A gente já comentou muito sobre o suicídio por aqui e esse é um assunto sobre o qual as pessoas têm muita dificuldade de conversar a respeito. Elas sentem que é errado pensar em matar a si mesma e que isso as transforma em pessoas ruins.

Como reverter essas ideias com terapia

O objetivo da terapia é fazer com que você olhe sem medo para o que pensa e sente e tenha uma orientação direta sobre como encarar cada uma dessas sensações. Por isso, é importante que você se sinta confortável com o profissional: “Como em toda profissão, os profissionais são diferentes e a primeira coisa que a pessoa precisa considerar quando ela vai a uma primeira consulta com uma psicóloga é se ela se sente confortável com aquela profissional e se sente confiança”, diz Camila.

A partir disso, o trabalho do terapeuta é perguntar e ajudar você a refletir sobre as questões que traz para a sessão. “É importante explicar que todos nós vamos sentir sentimentos ‘negativos’ e eles são normais, assim como os ‘positivos’. Então, aí começa mais um trabalho de aceitação e ação. O que ela pode fazer com o que ela sente, pensa, fez..”, explica a psicóloga. O primeiro estímulo é sempre o do autoconhecimento: o profissional vai incentivar você a olhar para si mesma e tentar entender de onde surgem os pensamentos e sensações que você tem.

No caso de doenças como a síndrome do pânico e a depressão, existem estratégias específicas de tratamento, mas todas são pautadas no autoconhecimento e na importância de olhar primeiro para o que você sente sem medo do que pode encontrar ali.

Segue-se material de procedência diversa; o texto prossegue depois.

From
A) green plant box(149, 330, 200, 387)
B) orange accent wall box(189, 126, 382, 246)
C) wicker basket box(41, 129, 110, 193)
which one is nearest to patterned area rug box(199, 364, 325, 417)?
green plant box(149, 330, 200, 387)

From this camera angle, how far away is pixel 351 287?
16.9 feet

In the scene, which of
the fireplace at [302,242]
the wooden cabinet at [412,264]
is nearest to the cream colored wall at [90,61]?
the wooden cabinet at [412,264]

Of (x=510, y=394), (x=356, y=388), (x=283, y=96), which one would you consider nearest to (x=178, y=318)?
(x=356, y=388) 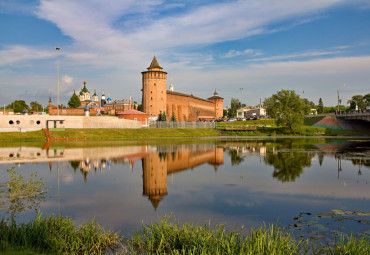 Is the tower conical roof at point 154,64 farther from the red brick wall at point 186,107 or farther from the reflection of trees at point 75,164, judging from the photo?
the reflection of trees at point 75,164

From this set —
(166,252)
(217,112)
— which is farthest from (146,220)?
(217,112)

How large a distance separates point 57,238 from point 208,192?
275 inches

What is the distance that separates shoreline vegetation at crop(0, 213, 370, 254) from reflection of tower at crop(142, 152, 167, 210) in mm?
3168

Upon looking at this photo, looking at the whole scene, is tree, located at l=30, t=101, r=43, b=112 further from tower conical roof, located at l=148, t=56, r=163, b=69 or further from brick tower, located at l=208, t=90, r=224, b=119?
brick tower, located at l=208, t=90, r=224, b=119

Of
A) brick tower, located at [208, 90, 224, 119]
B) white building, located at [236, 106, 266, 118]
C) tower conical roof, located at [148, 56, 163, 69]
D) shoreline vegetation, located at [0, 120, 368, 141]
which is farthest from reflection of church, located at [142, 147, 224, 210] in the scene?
brick tower, located at [208, 90, 224, 119]

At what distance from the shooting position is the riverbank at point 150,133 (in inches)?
1706

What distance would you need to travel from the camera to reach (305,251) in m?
6.81

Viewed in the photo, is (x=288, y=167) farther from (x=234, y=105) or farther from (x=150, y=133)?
(x=234, y=105)

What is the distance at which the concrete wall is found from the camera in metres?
47.9

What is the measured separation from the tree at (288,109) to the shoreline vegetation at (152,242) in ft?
162

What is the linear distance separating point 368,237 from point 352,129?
60555 millimetres

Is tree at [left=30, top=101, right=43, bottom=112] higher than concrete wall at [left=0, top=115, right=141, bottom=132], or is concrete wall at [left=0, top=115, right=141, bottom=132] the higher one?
tree at [left=30, top=101, right=43, bottom=112]

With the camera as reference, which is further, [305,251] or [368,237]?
[368,237]

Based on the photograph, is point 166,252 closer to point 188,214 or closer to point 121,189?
point 188,214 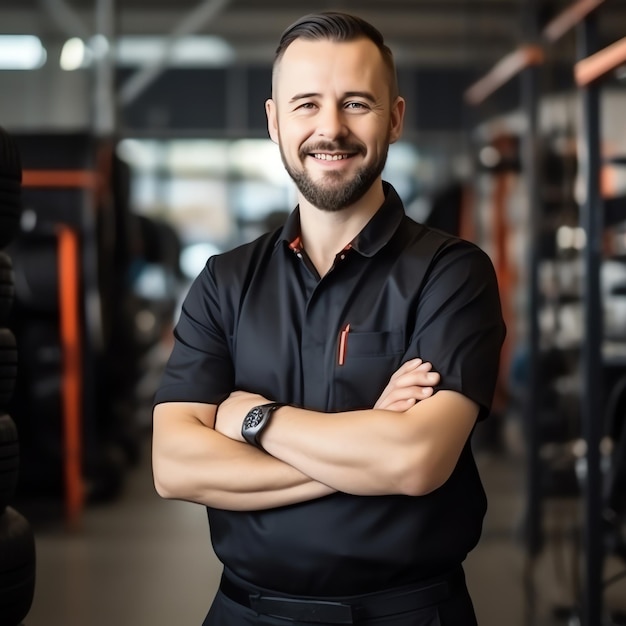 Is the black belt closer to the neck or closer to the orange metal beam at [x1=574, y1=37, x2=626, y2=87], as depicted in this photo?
the neck

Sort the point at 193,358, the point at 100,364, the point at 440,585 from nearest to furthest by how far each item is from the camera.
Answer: the point at 440,585
the point at 193,358
the point at 100,364

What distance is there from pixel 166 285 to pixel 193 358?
6.21 m

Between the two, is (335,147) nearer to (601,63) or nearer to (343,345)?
(343,345)

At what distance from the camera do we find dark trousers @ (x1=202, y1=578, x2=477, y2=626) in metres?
1.51

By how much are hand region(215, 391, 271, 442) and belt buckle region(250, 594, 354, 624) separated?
0.23 metres

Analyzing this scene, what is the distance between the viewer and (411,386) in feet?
4.93

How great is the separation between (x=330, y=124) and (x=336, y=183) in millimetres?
86

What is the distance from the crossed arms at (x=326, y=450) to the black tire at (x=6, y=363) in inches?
17.2

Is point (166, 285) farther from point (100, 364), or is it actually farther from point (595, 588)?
point (595, 588)

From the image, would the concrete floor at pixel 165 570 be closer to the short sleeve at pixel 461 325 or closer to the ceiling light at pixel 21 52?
the short sleeve at pixel 461 325

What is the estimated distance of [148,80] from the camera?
10.3 m

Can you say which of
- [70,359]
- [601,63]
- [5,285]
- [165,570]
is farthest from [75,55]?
[5,285]

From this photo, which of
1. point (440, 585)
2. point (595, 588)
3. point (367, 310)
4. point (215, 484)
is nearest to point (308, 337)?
point (367, 310)

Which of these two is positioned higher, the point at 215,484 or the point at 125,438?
the point at 215,484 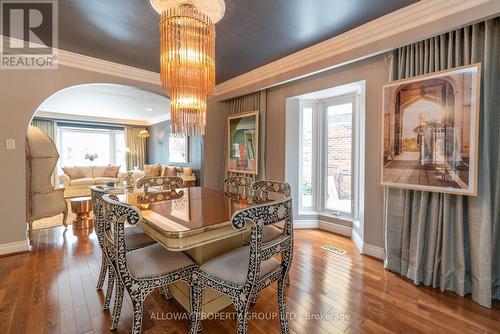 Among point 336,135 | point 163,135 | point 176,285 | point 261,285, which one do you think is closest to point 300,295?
point 261,285

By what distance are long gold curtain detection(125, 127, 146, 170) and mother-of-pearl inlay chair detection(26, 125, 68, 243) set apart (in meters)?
5.39

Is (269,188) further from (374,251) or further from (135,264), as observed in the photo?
(374,251)

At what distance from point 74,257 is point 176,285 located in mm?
1641

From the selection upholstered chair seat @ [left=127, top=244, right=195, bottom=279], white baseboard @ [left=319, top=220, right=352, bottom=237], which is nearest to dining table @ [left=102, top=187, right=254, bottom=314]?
upholstered chair seat @ [left=127, top=244, right=195, bottom=279]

Ainda não estou pronta para a terapia, e agora?

Se você acha que não está pronta para encarar a terapia, Camila diz que o primeiro passo precisa ser buscar a consciência sobre o que se sente e pensa. Você pode começar respondendo as seguintes perguntas:

  1. Por que estou sentindo isso?
  2. Quando eu sinto isso, o que eu faço? (ou quais são os meus comportamentos?)
  3. Quando eu sinto isso, quais os meus pensamentos?
  4. Pensando isso e fazendo isso, quais as consequências? (como isso repercute no meu mundo?)

Se abrir com pessoas próximas também faz parte desse processo, mas o principal é aprender a se olhar com mais compaixão: “E buscar pegar mais leve consigo mesma, ter mais autocompaixão. Às vezes, a gente é tão compreensivo com os outros e tem dificuldade de aceitar que vamos errar, vamos sentir angustias, nos sentiremos fracos em alguns momentos, mas que isso tudo pode vir para nós fortalecer ainda mais”.